With a neutral flavor, vegetable oil is a key ingredient in many recipes, and is also useful for oiling pans before baking. Canola oil—which is a slightly healthier form of vegetable oil made from rapeseed—can also be used interchangeably in recipes like Carrot Cake with Toasted Coconut Cream Cheese Frosting, and will result in the same texture.
This vegetable fat is sometimes used in place of or in addition to butter to create more tender, flexible baked goods like cookies and pie crusts, due to shortening’s higher melting point.
Pure Vanilla Extract
Buying a natural vanilla extract, opposed to the imitation version, is a slightly costlier investment that’s well worth it in the end. While you’re stocking up, you might want to also pick up a few other pure extracts, like almond and lemon, for future baking endeavors. For those who want to take their vanilla game to the next level, whole vanilla beans can also be used to add a serious hit of flavor to your batters and sauces.
This pantry staple is good for much more than Oatmeal Raisin Cookies, and can be used to add texture to a variety of baked goods, from bread to muffins. Just be sure you pick up classic rolled oats, not instant.

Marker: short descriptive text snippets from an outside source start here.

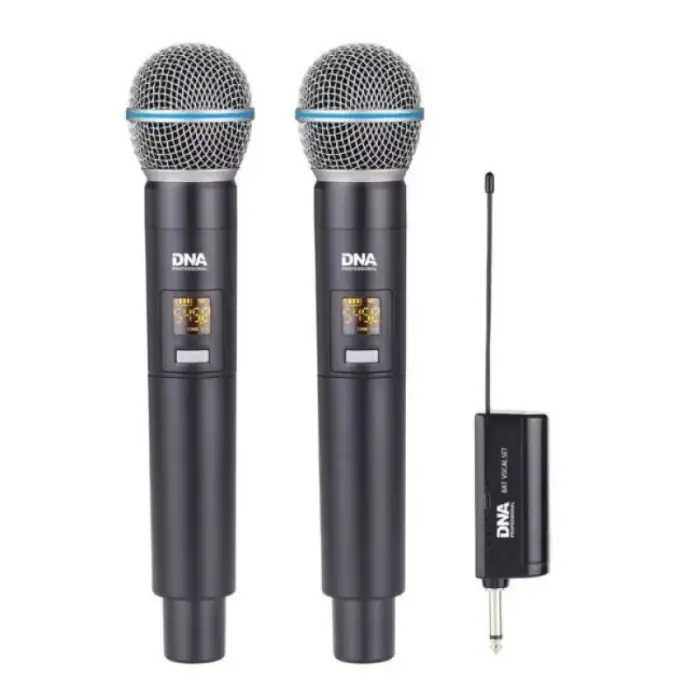 DNA BAT DUAL VOCAL SET беспроводной перезаряжаемый вокальный комплект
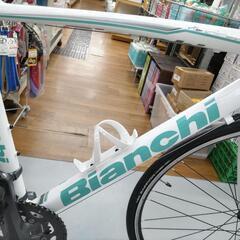 J218 Bianchi viaNIRONE7 ロードバイク 2X8段 リムブレーキ ホワイト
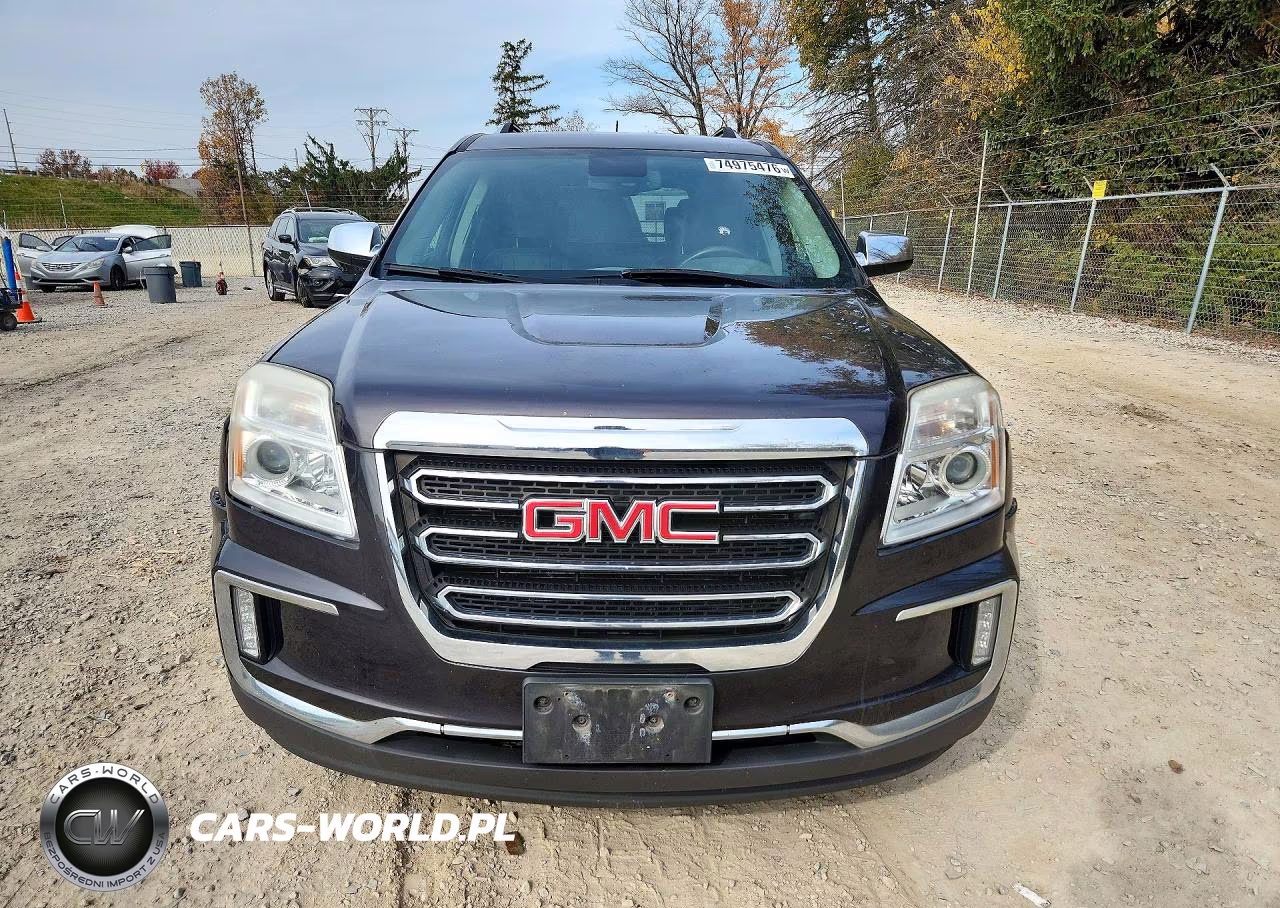 2016 GMC Terrain Slt VIN:2GKFLUEK4G6266257 - 5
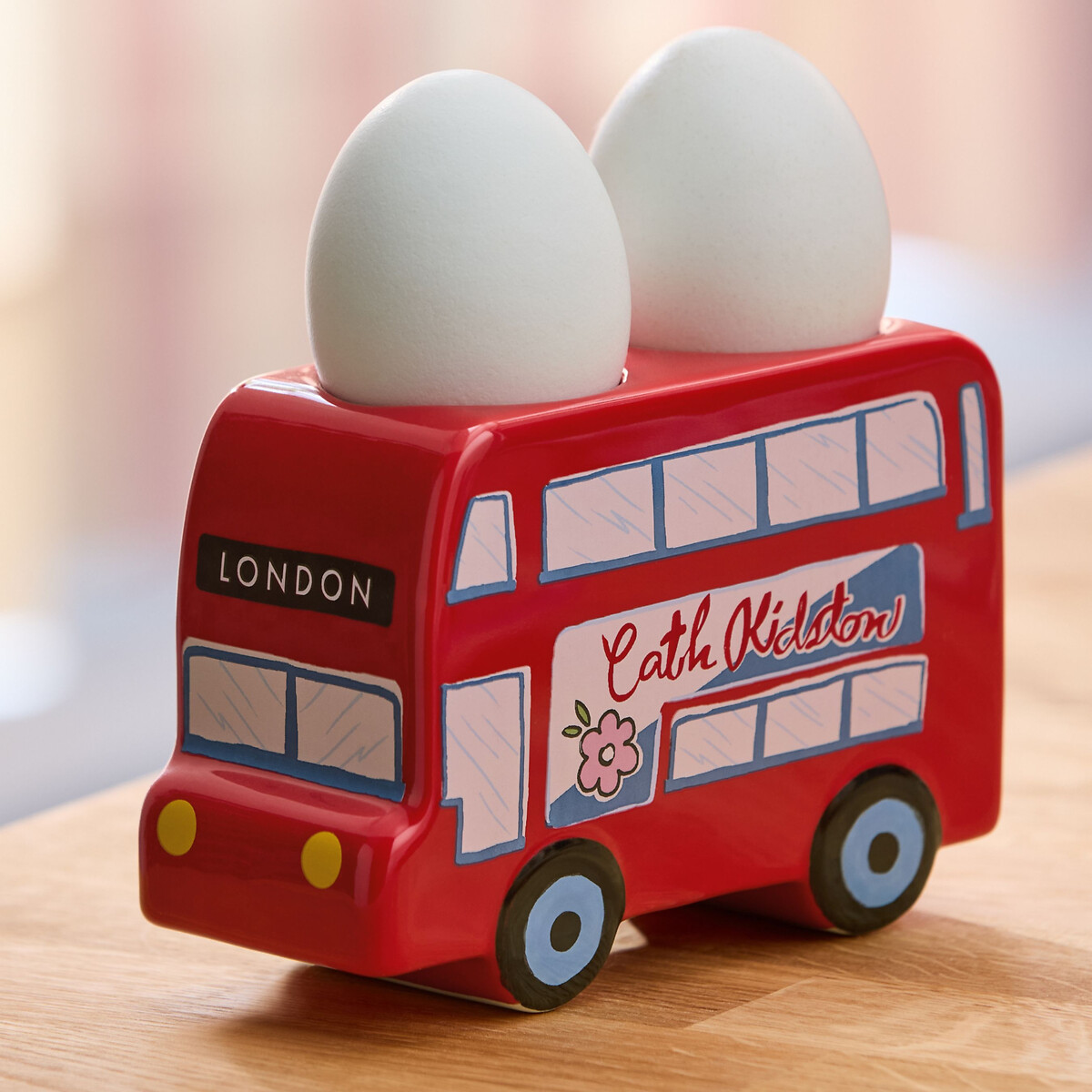 London Town Bus Egg Cup red, CATH KIDSTON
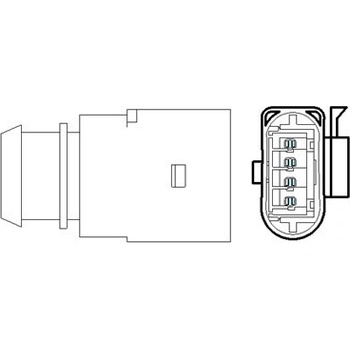 Lambda sonda MAGNETI MARELLI 466016355180
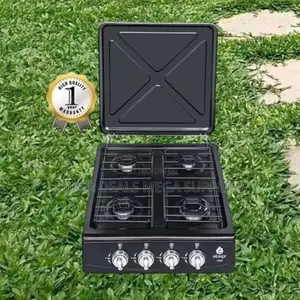 Portable and Energy Saving Nunix 4 Gas Burners Table Top Cooker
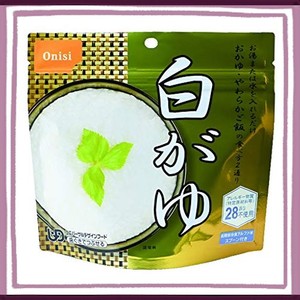 尾西食品 アルファ米 白がゆ 42G×50袋 (非常食・保存食)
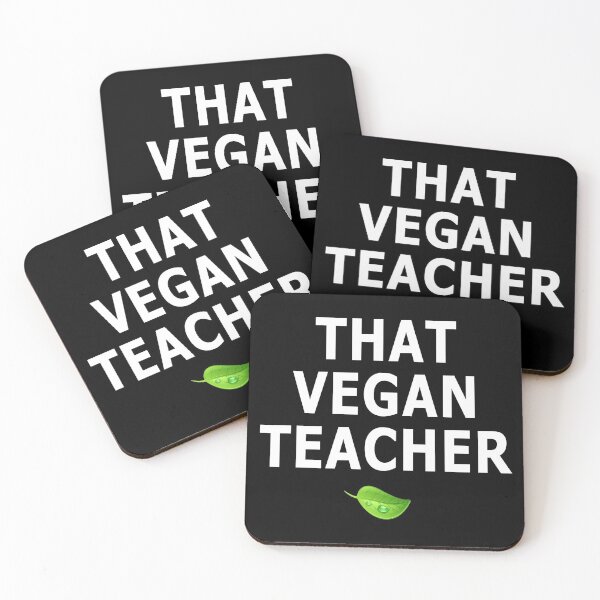 Item preview, that vegan teacher 3 designed and sold by Ripoubsb.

A key ingredient in any chocolate lover’s pantry, cocoa powder is what remains after cocoa butter is extracted from the beans, leaving just the bitter solids behind. It’s a necessary addition to most chocolate confections, and as a bonus is also said to have superfood benefits, so you can have your cake and feel good about it, too.
Whether you opt for the unsweetened, bittersweet, or sweet variety of baking chocolate, this ingredient is included in many chocolate-heavy recipes, from Molten Dark Chocolate Cakes to Chocolate Pudding Pie. Semisweet or sweet baking chocolate can also be used in the place of chocolate chips in a recipe; simply break into small chunks for a more rustic feel.

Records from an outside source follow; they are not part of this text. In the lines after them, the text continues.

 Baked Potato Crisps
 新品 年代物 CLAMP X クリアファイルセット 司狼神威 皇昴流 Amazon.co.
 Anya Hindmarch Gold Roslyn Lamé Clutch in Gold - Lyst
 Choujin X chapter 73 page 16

This naturally sweet ingredient can be found in countless recipes, and is a great way to add some subtle flavor to a number of baked goods like Orange, Sesame, and Honey Cookies and Honey Pineapple Upside Down Cake.

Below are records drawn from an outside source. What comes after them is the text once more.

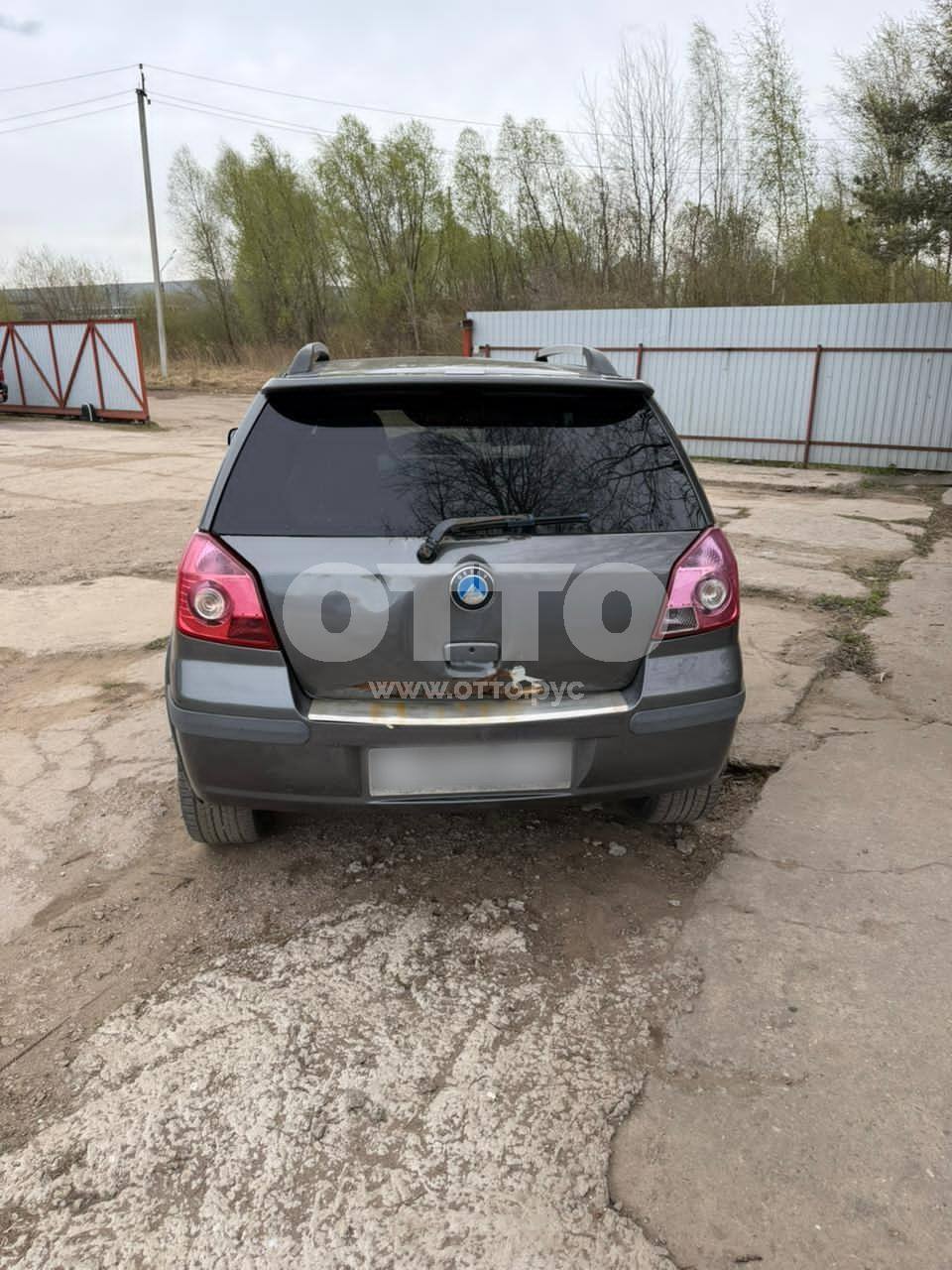 Geely MK Cross I хэтчбек 5 дв. продажа 3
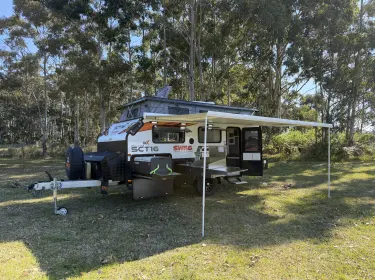2022 Swag SCT 16 Max Camper van rental in Corlette, NSW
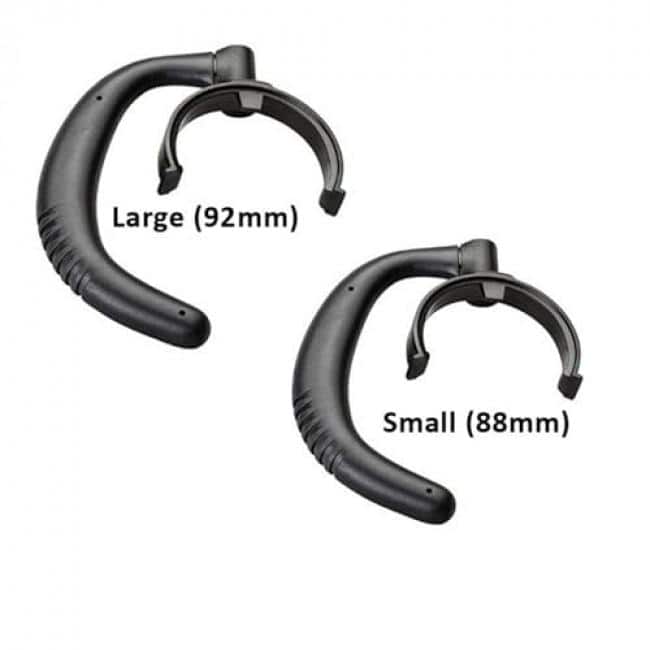 HP - PLY ENCOREPRO HW530/540 LG+SM EARLOOPS - Black price history on PriceWatchPro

This coarse ground flour made from dry corn is obviously an essential element of cornbread, but can also be used to make crispier pancakes, crunchy crackers, and textural biscuits and muffins.
Most commonly found in candy recipes, this sweet syrup can be used to make numerous other desserts. Adding both sweetness and moisture to a recipe, corn syrup is an alternative to solid granulated sugar.
No, we’re not talking about the brightly colored sugary powders that come in Jell-O packets, but rather the unflavored, unsweetened version, which is used to make custards, marshmallows, puddings, and more—like Strawberry-Lime Panna Cotta.
This thick, concentrated dairy product that doesn’t require refrigeration can be added to custards, pie fillings, and more for some extra thickness and creaminess. Check out these tips for making the most of a can of evaporated milk.
While your spice collection will vary based on your personal preferences, some of the key spices you’ll see repeatedly in baking recipes include cinnamon, allspice, nutmeg, and ginger.
Dried Fruit and Nuts
While dried fruits and nuts are certainly bonuses in any baker’s pantry, they can be used to accentuate a variety of recipes. We’d recommend stocking up on raisins, figs, dates, and cranberries, as well as nuts like walnuts, pecans, and almonds, which can be stored in the freezer to extend their freshness lifespan.